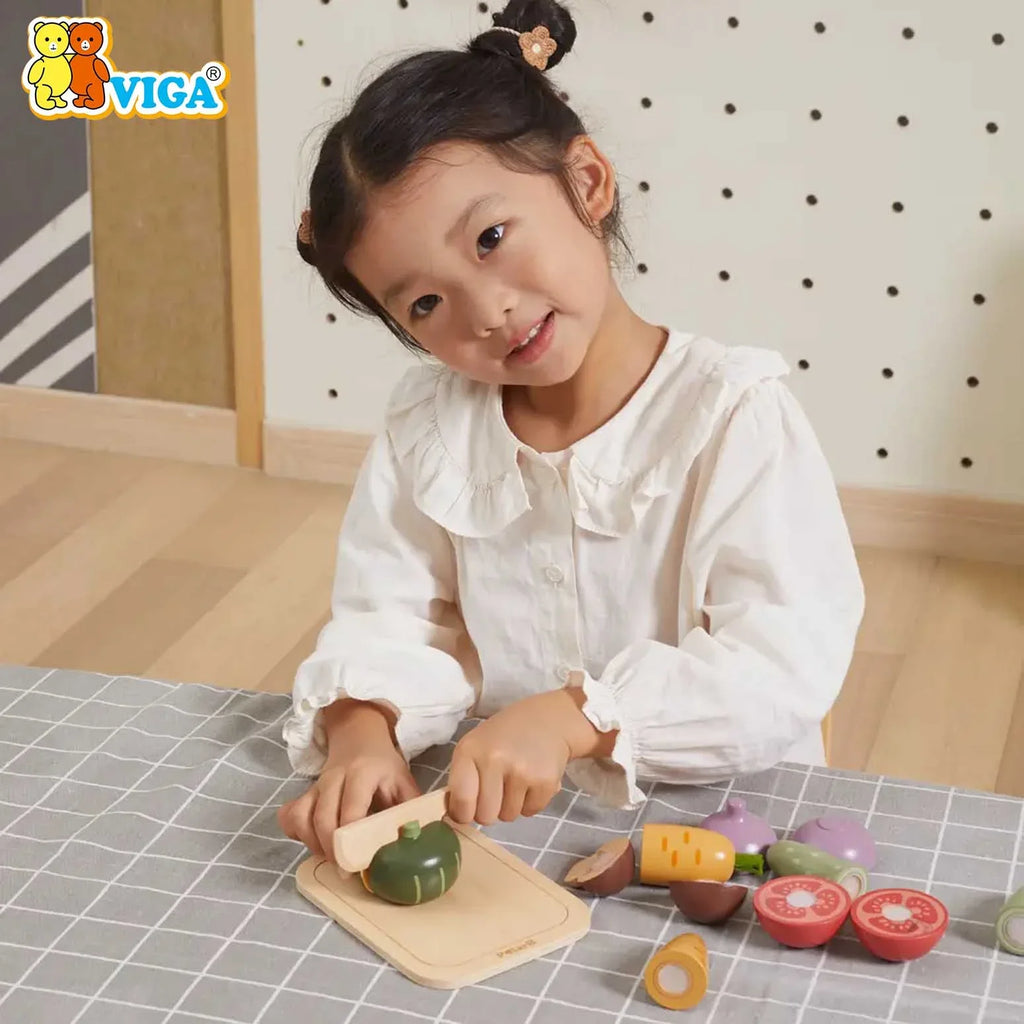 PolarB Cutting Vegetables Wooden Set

****

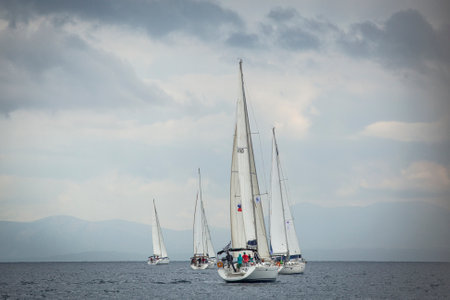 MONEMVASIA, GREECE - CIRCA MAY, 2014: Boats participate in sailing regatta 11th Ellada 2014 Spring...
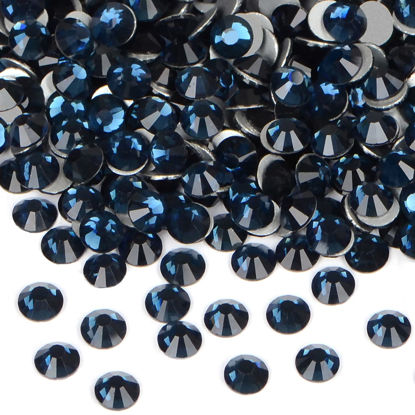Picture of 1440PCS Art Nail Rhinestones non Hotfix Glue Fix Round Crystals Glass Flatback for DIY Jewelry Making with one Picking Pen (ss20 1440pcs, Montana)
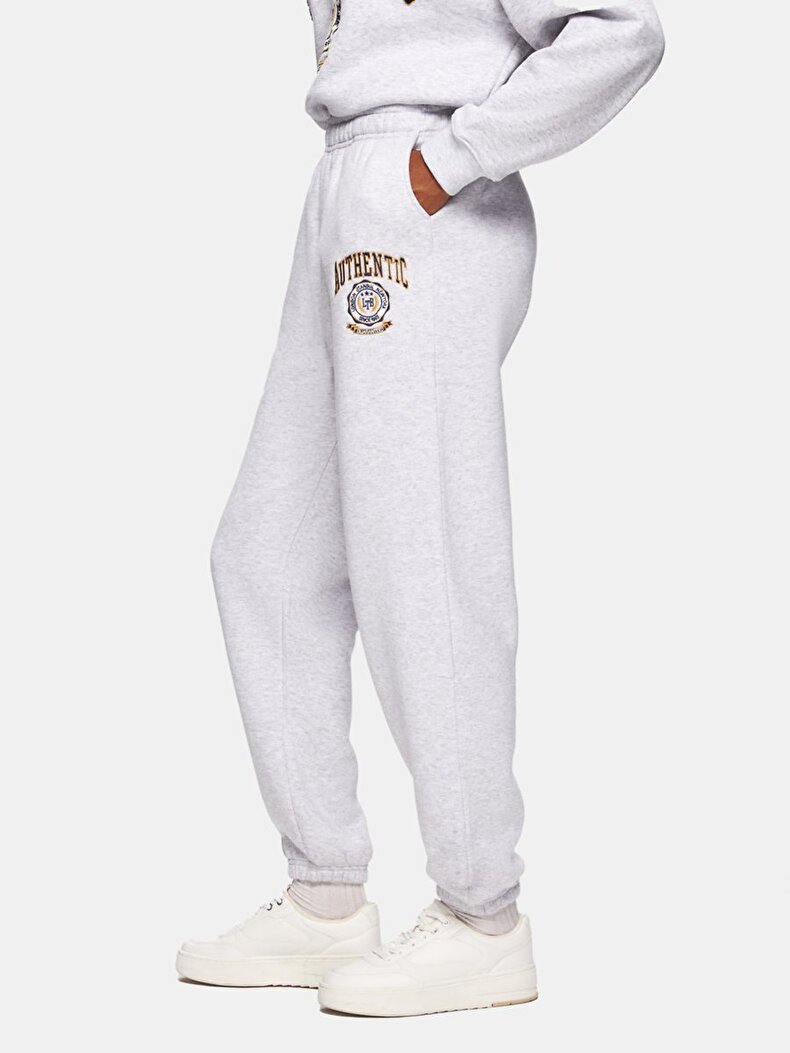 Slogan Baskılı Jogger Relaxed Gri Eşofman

****

Work order: From the records above, copy exactly the lines starting at the one with "MONEMVASIA, GREECE - CIRCA" and ending at the one with "Slogan Baskılı Jogger Relaxed Gri Eşofman", and no others. Pictures stay out.

Solution for this task:
 MONEMVASIA, GREECE - CIRCA MAY, 2014: Boats participate in sailing regatta 11th Ellada 2014 Spring...
Picture of 1440PCS Art Nail Rhinestones non Hotfix Glue Fix Round Crystals Glass Flatback for DIY Jewelry Making with one Picking Pen (ss20 1440pcs, Montana)
 Slogan Baskılı Jogger Relaxed Gri Eşofman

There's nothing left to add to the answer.